- _Exercise_
The answer must be an exact copy of the lines from the one holding "sport future curve, wave" through the final line of the entries, and nothing else.

- _Data under study_
......
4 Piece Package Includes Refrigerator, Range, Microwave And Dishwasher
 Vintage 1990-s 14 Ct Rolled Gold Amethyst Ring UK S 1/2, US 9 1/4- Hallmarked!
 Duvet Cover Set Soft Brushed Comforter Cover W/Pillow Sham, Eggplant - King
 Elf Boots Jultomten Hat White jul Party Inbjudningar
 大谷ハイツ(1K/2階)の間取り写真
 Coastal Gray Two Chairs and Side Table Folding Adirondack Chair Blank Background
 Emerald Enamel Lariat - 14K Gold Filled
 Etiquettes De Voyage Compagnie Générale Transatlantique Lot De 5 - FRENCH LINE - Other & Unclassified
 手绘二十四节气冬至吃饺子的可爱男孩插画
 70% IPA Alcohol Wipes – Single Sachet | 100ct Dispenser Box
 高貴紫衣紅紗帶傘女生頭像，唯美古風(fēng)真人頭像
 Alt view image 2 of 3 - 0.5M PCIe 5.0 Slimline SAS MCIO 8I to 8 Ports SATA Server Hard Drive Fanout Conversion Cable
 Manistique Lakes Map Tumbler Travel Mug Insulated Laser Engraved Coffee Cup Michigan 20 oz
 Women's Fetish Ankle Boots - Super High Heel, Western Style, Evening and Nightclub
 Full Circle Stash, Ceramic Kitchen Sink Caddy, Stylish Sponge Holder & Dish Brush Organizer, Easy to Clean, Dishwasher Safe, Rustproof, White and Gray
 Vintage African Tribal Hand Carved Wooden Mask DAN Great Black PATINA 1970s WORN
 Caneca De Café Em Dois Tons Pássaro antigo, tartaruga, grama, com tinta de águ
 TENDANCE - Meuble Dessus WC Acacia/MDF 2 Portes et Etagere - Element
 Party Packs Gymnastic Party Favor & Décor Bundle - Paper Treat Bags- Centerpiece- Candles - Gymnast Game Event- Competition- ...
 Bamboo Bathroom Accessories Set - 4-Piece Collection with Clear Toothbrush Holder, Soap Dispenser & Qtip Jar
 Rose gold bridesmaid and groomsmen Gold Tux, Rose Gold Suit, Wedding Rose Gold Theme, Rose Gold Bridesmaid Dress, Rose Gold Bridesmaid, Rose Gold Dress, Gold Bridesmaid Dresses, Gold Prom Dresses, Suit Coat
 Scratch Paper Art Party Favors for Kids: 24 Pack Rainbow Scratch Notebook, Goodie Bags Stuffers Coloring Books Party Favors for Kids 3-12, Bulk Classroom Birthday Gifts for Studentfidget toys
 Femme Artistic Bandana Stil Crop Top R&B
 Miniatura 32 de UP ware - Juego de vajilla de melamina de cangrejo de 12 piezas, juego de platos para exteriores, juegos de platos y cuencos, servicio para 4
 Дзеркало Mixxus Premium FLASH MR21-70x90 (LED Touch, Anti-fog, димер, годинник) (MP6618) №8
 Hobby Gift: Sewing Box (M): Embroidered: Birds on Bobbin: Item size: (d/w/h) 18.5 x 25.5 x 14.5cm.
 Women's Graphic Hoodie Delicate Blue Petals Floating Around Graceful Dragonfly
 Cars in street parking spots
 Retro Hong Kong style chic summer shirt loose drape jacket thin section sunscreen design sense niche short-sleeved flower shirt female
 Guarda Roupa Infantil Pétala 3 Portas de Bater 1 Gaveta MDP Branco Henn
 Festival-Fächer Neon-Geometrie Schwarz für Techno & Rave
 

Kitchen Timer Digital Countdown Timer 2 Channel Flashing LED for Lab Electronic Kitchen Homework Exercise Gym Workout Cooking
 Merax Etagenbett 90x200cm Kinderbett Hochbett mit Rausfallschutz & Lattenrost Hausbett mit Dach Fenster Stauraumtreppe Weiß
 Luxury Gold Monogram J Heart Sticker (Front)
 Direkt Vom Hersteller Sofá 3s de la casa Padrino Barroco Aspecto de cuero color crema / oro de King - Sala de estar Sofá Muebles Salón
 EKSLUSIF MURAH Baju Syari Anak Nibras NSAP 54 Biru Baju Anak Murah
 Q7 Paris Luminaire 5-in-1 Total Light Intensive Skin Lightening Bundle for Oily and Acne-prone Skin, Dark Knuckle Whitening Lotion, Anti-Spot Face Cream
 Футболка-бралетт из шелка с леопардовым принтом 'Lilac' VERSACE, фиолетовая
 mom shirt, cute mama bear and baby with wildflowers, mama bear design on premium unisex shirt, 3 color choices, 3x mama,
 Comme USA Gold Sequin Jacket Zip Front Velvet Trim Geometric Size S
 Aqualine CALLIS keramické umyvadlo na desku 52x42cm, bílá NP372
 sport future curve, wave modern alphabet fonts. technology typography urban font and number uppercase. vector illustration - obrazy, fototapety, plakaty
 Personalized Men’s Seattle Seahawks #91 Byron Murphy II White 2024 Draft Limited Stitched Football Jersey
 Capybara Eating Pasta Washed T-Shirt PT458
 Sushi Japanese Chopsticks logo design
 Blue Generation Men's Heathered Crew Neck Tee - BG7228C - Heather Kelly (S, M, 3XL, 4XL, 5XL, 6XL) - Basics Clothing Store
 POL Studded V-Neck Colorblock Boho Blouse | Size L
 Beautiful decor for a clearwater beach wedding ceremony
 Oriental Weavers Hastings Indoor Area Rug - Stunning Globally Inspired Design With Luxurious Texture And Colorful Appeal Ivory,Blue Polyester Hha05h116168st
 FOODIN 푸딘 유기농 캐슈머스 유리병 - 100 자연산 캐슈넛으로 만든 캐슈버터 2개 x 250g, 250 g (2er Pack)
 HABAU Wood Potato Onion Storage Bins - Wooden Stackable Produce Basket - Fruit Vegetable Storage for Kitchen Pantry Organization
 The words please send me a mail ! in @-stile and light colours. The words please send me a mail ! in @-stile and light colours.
......
- _Task result_
 sport future curve, wave modern alphabet fonts. technology typography urban font and number uppercase. vector illustration - obrazy, fototapety, plakaty
 Personalized Men’s Seattle Seahawks #91 Byron Murphy II White 2024 Draft Limited Stitched Football Jersey
 Capybara Eating Pasta Washed T-Shirt PT458
 Sushi Japanese Chopsticks logo design
 Blue Generation Men's Heathered Crew Neck Tee - BG7228C - Heather Kelly (S, M, 3XL, 4XL, 5XL, 6XL) - Basics Clothing Store
 POL Studded V-Neck Colorblock Boho Blouse | Size L
 Beautiful decor for a clearwater beach wedding ceremony
 Oriental Weavers Hastings Indoor Area Rug - Stunning Globally Inspired Design With Luxurious Texture And Colorful Appeal Ivory,Blue Polyester Hha05h116168st
 FOODIN 푸딘 유기농 캐슈머스 유리병 - 100 자연산 캐슈넛으로 만든 캐슈버터 2개 x 250g, 250 g (2er Pack)
 HABAU Wood Potato Onion Storage Bins - Wooden Stackable Produce Basket - Fruit Vegetable Storage for Kitchen Pantry Organization
 The words please send me a mail ! in @-stile and light colours. The words please send me a mail ! in @-stile and light colours.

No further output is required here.